2) This next topic touches on something I forgot to mention in my first post.. Which is that it's REALLY EASY to lose your way in a rain forest. I discovered this my first day in the field after I made a short detour to a nearby stream to get a rock for one of our traps.. As soon as I had turned a couple of times, I realized that I didn't know which way was which - all the forest looked the same! Luckily a friend was nearby and led me back to my group, but it was a good first lesson for me.
Building on that, last week someone in my group got lost in the rainforest for realz.. It was funny at first because the person in question is a pretty confident dude and generally good in the forest. Butt after over an hour of not hearing him, we all got pretty worried. Soon enough the prof was driving up and down the road honking his car horn super-loudly, and a bunch of students were yelling in unison to try to attract him to the road.. Still no luck. Eventually a last minute phone call (seconds before the lost person's phone died) reminding him that the sun sets in the west ended up saving the day..
Some reflections: We found him a little after 4:00 pm, but what if it had gotten dark sooner? This guy happened to be without a compass, without a knife, without food or water, and with only a dying cell phone.. With a tiny bit less luck, he'd just be chilling with the howler monkeys, jaguars, and mosquitos for the night!.. AAAH that'd be so bad. The whole situation makes me cringe and hopefully reminds you to not take nature lightly. And the crazy part is that he was just walking from 150 m into the forest to the nearby road (with flagging marking the way).. and ended up kilometers away! While my buddy made a few avoidable mistakes prior to getting lost, it's totally the kind of thing that could happen to anybody, so take note.. It's really true that the biggest dangers in a forest are not getting bit by an eyelash viper or eaten by a jaguar. Rather, it's things like getting lost, or falling & breaking something, or contracting malaria..
3) In typical Panamanian/not U.S. fashion, simple things fail to be executed properly. Locked gates that shouldn't have been locked (2x).. Guaranteed reservations that weren't guaranteed (and vice versa actually).. Poorly translated signs..

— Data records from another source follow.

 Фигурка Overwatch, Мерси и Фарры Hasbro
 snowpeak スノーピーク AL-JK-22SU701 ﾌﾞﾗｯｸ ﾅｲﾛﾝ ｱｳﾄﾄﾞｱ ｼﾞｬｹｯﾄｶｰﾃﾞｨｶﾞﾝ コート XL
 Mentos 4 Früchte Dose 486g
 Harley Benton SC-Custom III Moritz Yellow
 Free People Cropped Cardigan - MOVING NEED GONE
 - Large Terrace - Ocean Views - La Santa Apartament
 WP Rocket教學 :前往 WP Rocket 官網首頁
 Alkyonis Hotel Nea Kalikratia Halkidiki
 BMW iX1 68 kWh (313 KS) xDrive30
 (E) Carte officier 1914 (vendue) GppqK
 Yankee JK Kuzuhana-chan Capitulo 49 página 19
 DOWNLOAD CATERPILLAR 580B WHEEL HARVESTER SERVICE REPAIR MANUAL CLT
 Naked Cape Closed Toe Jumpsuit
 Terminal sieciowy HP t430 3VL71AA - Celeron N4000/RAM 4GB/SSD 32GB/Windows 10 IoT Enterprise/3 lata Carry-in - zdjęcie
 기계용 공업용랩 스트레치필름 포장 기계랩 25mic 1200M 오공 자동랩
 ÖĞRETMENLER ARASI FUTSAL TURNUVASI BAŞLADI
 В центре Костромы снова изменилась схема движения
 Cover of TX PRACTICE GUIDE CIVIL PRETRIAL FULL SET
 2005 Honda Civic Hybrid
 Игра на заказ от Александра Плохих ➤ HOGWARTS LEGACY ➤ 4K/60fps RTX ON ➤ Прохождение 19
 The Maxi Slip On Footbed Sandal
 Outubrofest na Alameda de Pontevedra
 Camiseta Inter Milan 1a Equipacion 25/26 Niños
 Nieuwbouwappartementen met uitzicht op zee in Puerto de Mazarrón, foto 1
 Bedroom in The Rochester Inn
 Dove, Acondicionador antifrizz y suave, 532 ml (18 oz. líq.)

I hope I don't sound like I'm complaining.. B/c actually I think this laid-backness/tranquility is pretty funny and charming MOST of the time, but sometimes it just makes me shake my head in disbelief! Just like in Spain, the overriding attitude of most people here, I think, is something like this (don't get craaazy.. these are obvy generalizations):
US ATTITUDE
A) Was something done? I'll go check.
B) If not done correctly, we need to fix it right away
C) If it wasn't fixed properly, immediate and drastic response needed. And possibly a big apology. Ensure problem will never occur again.
PANAMA ATTITUDE
A) That something was probably done. No need to double-check.
B) If not done correctly, no big thang.
C) If something important didn't happen properly, then just chill and
smile anyway
--Again, not raggin on panamanians.. They're great. Just my observations of broad cultural differences--
Ok in other news: My splinters-caused-by-vicious-forest-plants count has continued to rise.. But that should stop since WE'RE GOING TO THE CORAL REEFS NEXT!.. Umm rice and beans are the staple food here, like no joke.. For two nights we stayed in a quaint little town that had this amazing relaxed feel to it (see "Panama Attitude").. People had chickens and cows and things in their front yards, and there were THREE CHURCHES on just this small little <1 mi stretch of road. Such an amazing, quiet place.. (Except for the brightly-graffitied party buses roaring by a few times a day.. Still haven't completely figured out this fascinating aspect of panamanian culture.)
So that's pretty much all I can think of for now. It's so nifty to have these three-week courses. They're cool because you can focus intensely on something for awhile and then be done and go to the next thing.. HEADED TO DA REEFS THIS WEEK BABY!
Finally, some fotos below. Thanks for reading!
hawksbill sea turtle.. pretty endangered
so these ants will just bite your hand and can't get through the skin.. except when they find a soft spot (this one eventually did)
nice!
kickin' it w/ the prof in the canopy crane
got to check out the panama canal on the water today.. yehea
prof tryna hack through lock that was keeping us from leaving ha
sweet little church
Sunday, February 20, 2011
Sunday, February 6, 2011
Panamá: ¡Qué guay! (1)
Watsup everybody! After a January hiatus, the update blog is back, but this time it's Panama-style.. I probably won't be posting as frequently this spring as I did last semester, but I'll shoot for at least biweekly blurbs. You'll notice that the box w/ Barca's Liga standings (on the right) has been replaced by a growing "Cool Animals Spotted" list, but otherwise the blog's layout is pretty similar.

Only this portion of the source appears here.